Tim Hobson had an architectural training, and this we can perceive as we move into his solid, coherent, alternative world. Most of his pictures feature figures in a landscape: chunky people sleepwalk through amiable sub-agrarian activities set in a terrain that looks mainly like Dorset, sometimes like Tuscany or Japan, but is essentially a country of imagination.

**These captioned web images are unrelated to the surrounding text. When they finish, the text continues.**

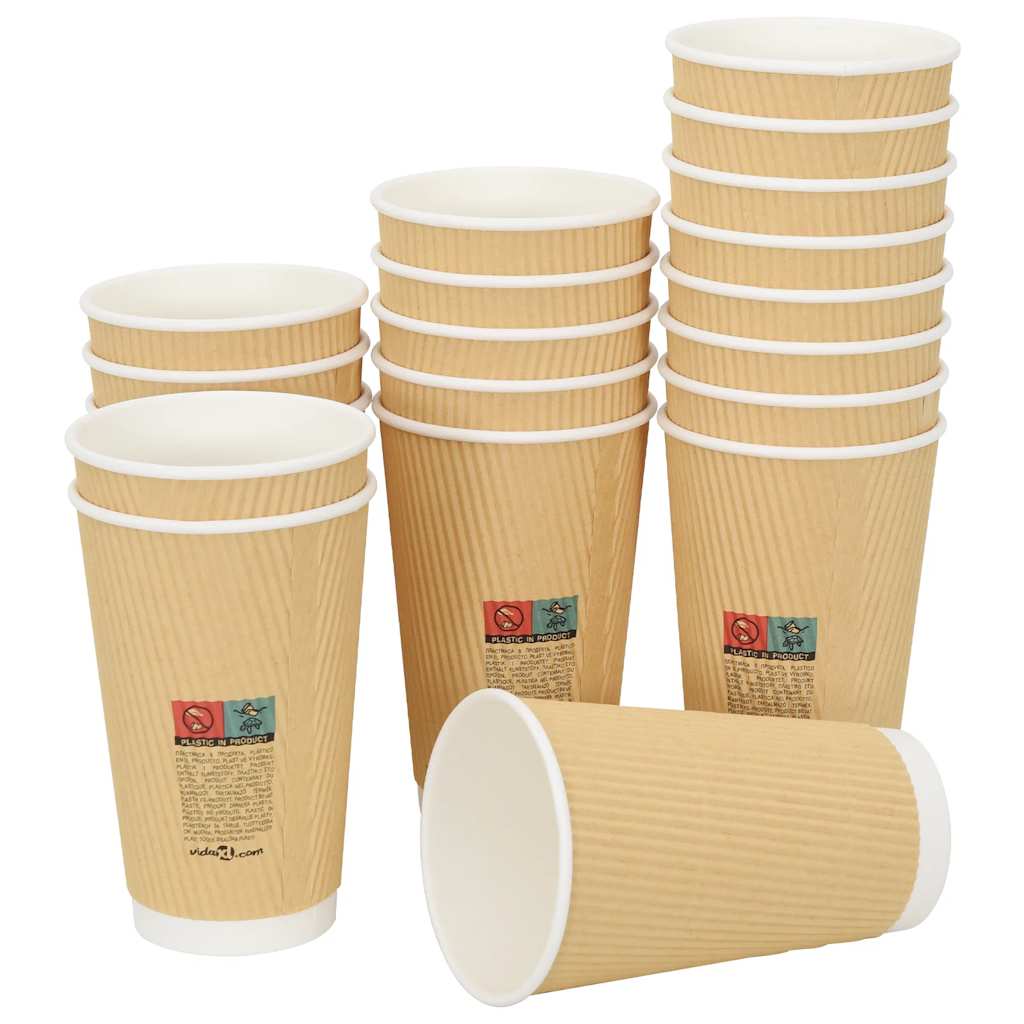 Paperiset Kahvikupit 500 Kpl 16 Unssia 400 Ml Ruskea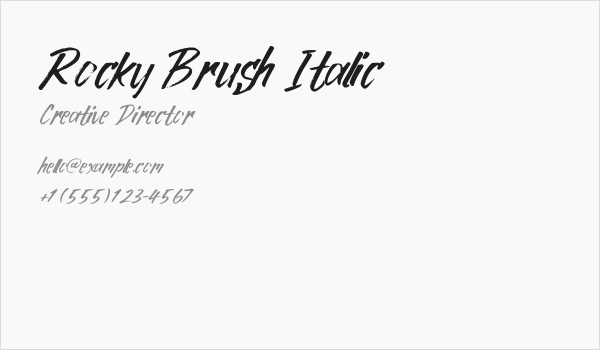 Rocky Brush Italic Business Card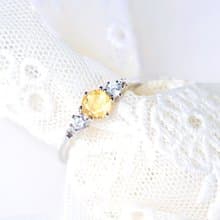 亮透黃水晶戒指-可調式-純銀戒指~11月誕生石Citrine~生日禮物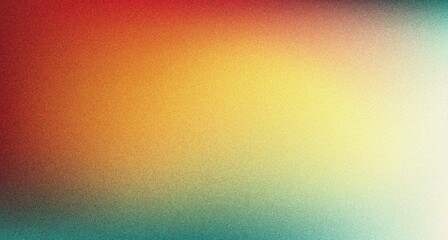 Abstract teal orange yellow green grainy color gradient background, noise texture effect for design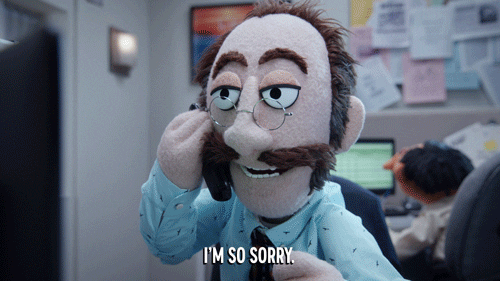 So Sorry Sad Will Forte Puppet GIF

The landscape and the people are there to provide an interplay of shapes and surfaces: rolling hills, tumbling hunters, flora and fauna, horse haunches, profile of nose and chin, melons, the contours of a datura, the parabola of backs, buttocks, bosoms all allow the artist to compose his ballet of curves and colours. And his handling of blocked colour is rich with exciting citrines, madder and velvet browns. Sometimes it looks as if Tim Hobson has run joyous riot with a child’s geometry set; but in general it is substantial world: bonfire smoke acquires the viscosity of cotton wool; a horse pees in a triumphant arc. Some of the figures are cartoon-ish; others have a Moore - like solidity and an earthy Stanley Spencer feel – though without the heavenly dimensions. We are not allowed to get too close – as if we are looking at carp in pond or gawping at a jar of desirable boiled sweets in a 1940’s confectioner’s window. Indeed we are time-warped into some far-away but reassuring world. Part of the appeal of the pictures is that his people are passion-and-stress free. They have a tranquil Buddhist acceptance of their world.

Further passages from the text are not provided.